History of the Peloponnesian War

Thucydides

Thucydides. The history of the Peloponnesian War, Volume 1-2. Dale, Henry, translator. London: Heinemann and Henry G. Bohn, 1851-1852.

This Cythera is an island lying off Laconia, opposite to Malea. The inhabitants are Laconians, of the class of the perioeci, and an officer called the Judge of Cythera went over to the place annually.

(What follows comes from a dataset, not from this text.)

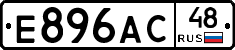 Е896АС48 - 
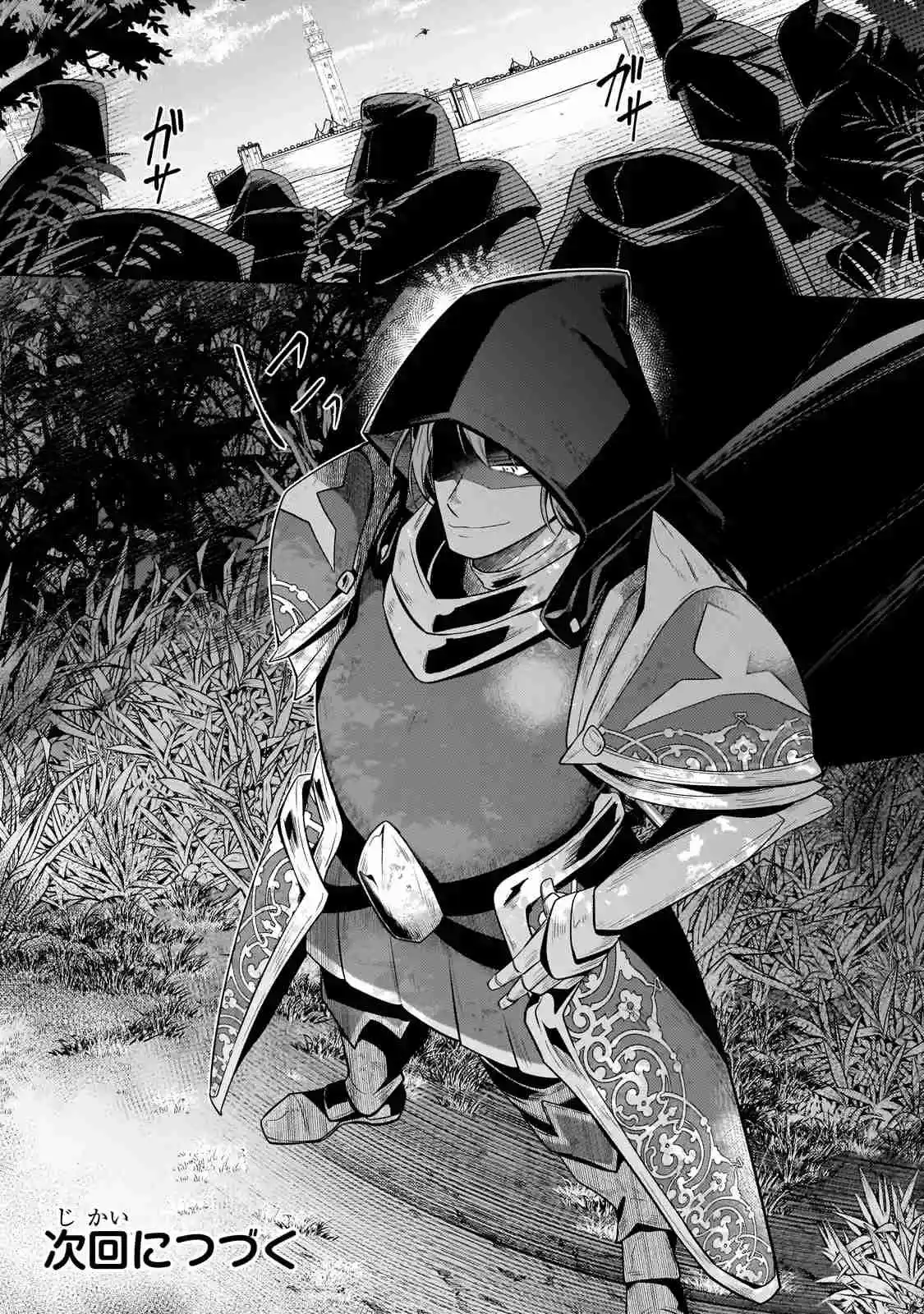 Okiraku Ryoushu No Tanoshii Ryouchi Bouei - Capítulo 34.20 - Página 14 - LectorTMOo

They also sent over regularly a garrison of heavy-armed, and paid great attention to it.

For it was their landing-place for the merchantmen from Egypt and Libya; and at the same time privateers were less able to annoy Laconia from the sea, the only side on which it could be injured; for the whole of it runs out toward the Sicilian and Cretan seas.

The Athenians therefore, having made the land with their armament, with ten of their ships and two thousand heavy-armed of the Milesians, took the town on the coast called Scandea; while with the rest of their forces they landed on the side of the island looking towards Malea, and advanced against the lower town of Cythera, and at once found all the inhabitants encamped there.

A battle having been fought, the Cytherians stood their ground for some short time, and then turned and fled into the upper town; after which they came to an agreement with Nicias and his colleagues to throw themselves on the mercy of the Athenians, only stipulating that they should not be put to death.